A Study of Pointer-Chasing Performance on Shared-Memory Processor-FPGA Systems

Abstract

The advent of FPGA acceleration platforms with direct coherent access to processor memory creates an opportunity for accelerating applications with irregular parallelism governed by large in-memory pointer-based data structures. This paper uses the simple reference behavior of a linked-list traversal as a proxy to study the performance potentials of accelerating these applications on shared-memory processor-FPGA systems. The linked-list traversal is parameterized by node layout in memory, per-node data payload size, payload dependence, and traversal concurrency to capture the main performance effects of different pointer-based data structures and algorithms.
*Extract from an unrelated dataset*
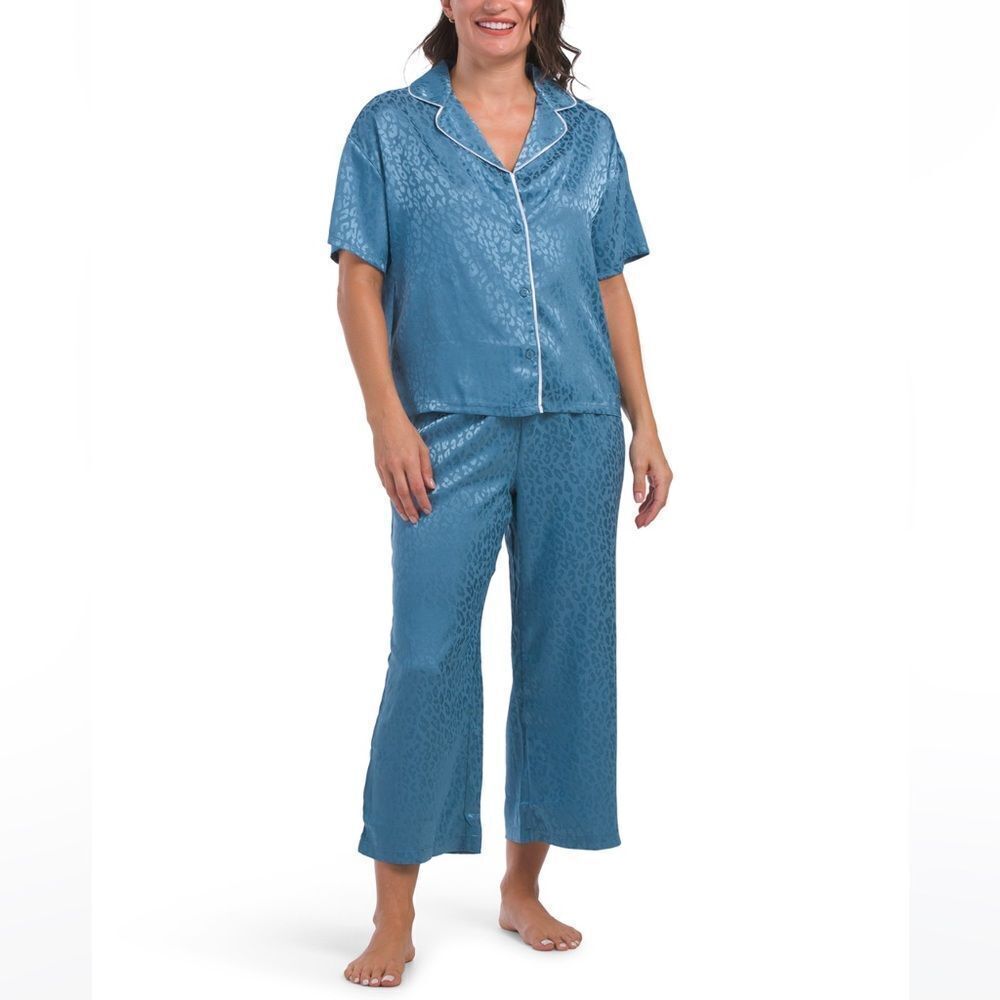 BCBG S-XL Blue White Textured Satin Short Sleeve Notch Collar Top Pants PJ Set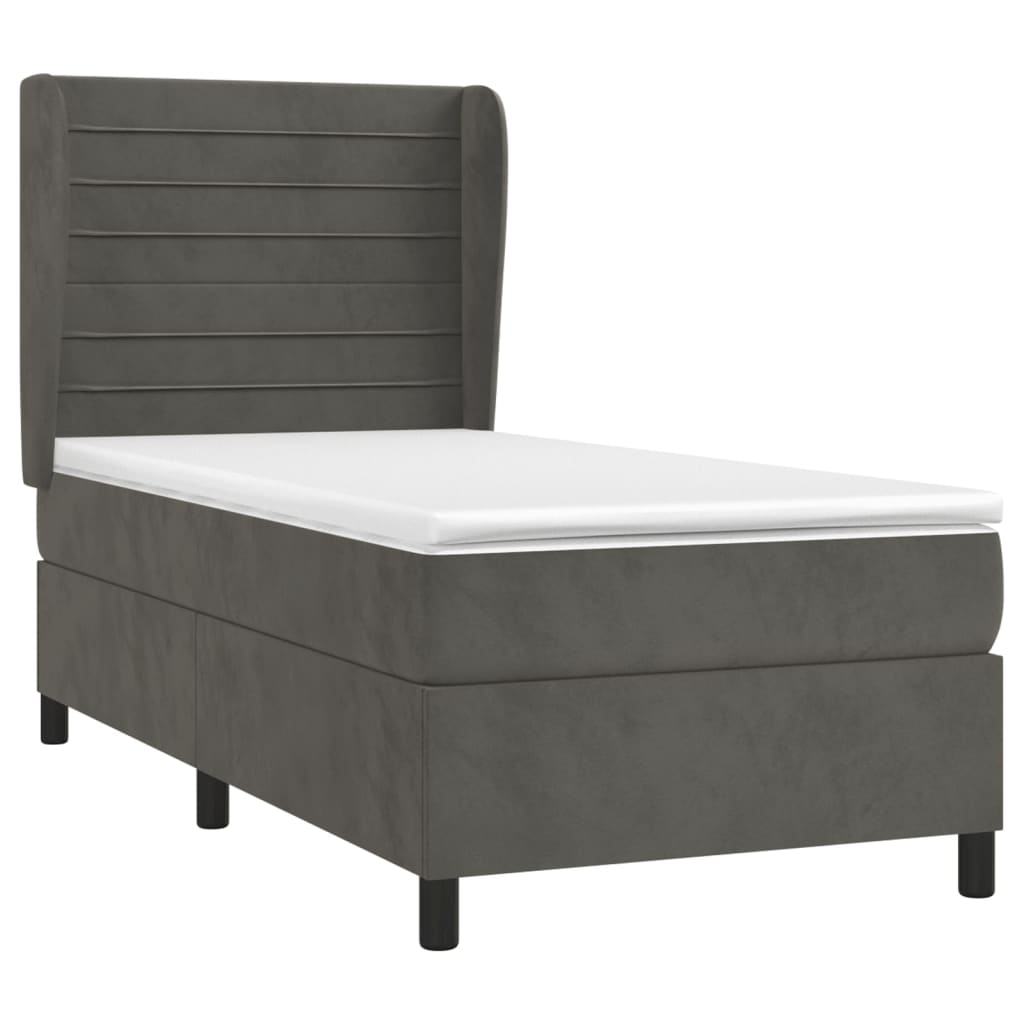 Giroletto A Molle Con Materasso Grigio Scuro 90x200 Cm Velluto - Image 3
The paper explores the trade-offs over a wide range of implementation options available on shared-memory processor-FPGA architectures, including using tightly-coupled processor assistance. We make observations of the key effects on currently available systems including the Xilinx Zynq, the Intel QuickAssist QPI FPGA Platform, and the Convey HC-2. The key results show: (1) the FPGA fabric is least efficient when traversing a single list with non-sequential node layout and a small payload size; (2) processor assistance can help alleviate this shortcoming; and (3) when appropriate, a fabric only approach that interleaves multiple linked list traversals is an effective way to maximize traversal performance.